Studies have found that mifepristone (Mifeprex), a progesterone antagonist, may soften the cervix and cause uterine contractions. This medication has been shown to be effective for elective abortions and medical termination of pregnancy during the first trimester, leading to studies of the effect of mifepristone in term pregnancies. Results of these studies have demonstrated that mifepristone may ripen the cervix and induce labor while not increasing the risk to the fetus. However, most of these studies were small, and the dosing schedules were varied. Berkane and colleagues evaluated the effectiveness of mifepristone in ripening the cervix and inducing labor in term pregnancies.
The prospective double-blind, placebocontrolled study included patients at multiple medical centers. The inclusion criteria were a singleton pregnancy between 37 and 41 weeks of gestation plus three days, a medical indication for delivery within 48 hours, and an unripe cervix (Bishop score of 4 or less).
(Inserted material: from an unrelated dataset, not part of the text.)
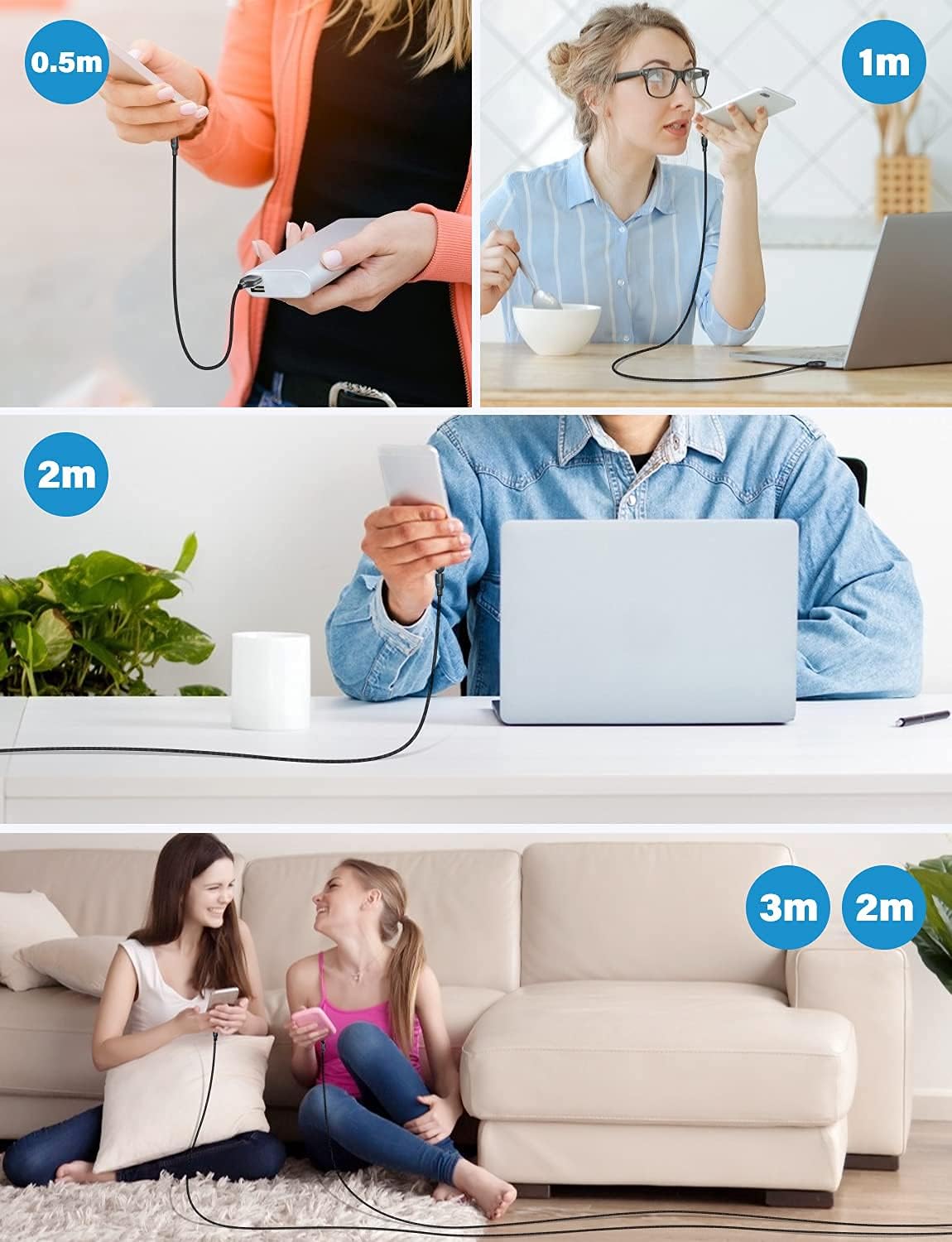 Magnetic charging cable, Magnetic charging cable [6 pieces, 0.5m 1m 1m 2m 2m 3m], USB C Magnetic Cable 360° and 180° Rotatable magnetic cable with Micro USB/Type C for smartphones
Patients were excluded if they had a contraindication to labor, were undergoing steroid therapy, had renal failure or diabetes, or underwent aspirin or nonsteroidal anti-inflammatory drug therapy within the previous 15 days. Participants were randomized to receive 50, 100, 200, 400, or 600 mg of mifepristone or placebo. Maternal and umbilical arterial blood samples were drawn for mifepristone assay. Umbilical vein cord blood was assayed for adrenocorticotropin hormone and cortisol levels. Effectiveness of mifepristone was defined as labor between 12 and 45/54 hours from the start of treatment. Labor was defined as uterine contractions that gradually changed the cervix or a Bishop score of 6 or higher. Those who reached a Bishop score of 6 without labor had an amniotomy and oxytocin infusion. Maternal and fetal tolerability of mifepristone were assessed.
The study included 346 patients. There were no significant differences between the treatment groups in demographics or medical and obstetric history. The main indications for labor induction were post-term, hypertension, fetal disease (e.g., small for gestational age or macrosomia), premature rupture of membranes, polyhydramnios, or oligohydramnios. The mifepristone treatment was successful in 52.7 percent of patients with no significant difference across the labor induction groups. The rate of vaginal deliveries and fetal tolerability also were similar in all of the study groups. Four serious maternal adverse events occurred—three patients with uterine hypertony and one with maternal bradycardia. No significant differences between the various groups were found when the incidence of acute fetal distress was analyzed. Labor was prolonged in the groups that received 400 and 600 mg of mifepristone compared with those receiving lower dosages.
The authors conclude that up to 600 mg of mifepristone does not induce labor in patients with unfavorable cervical status. They add that the failure of mifepristone in this study may be secondary to the conditions in which it was used. Other studies are needed to determine whether mifepristone effectively induces labor.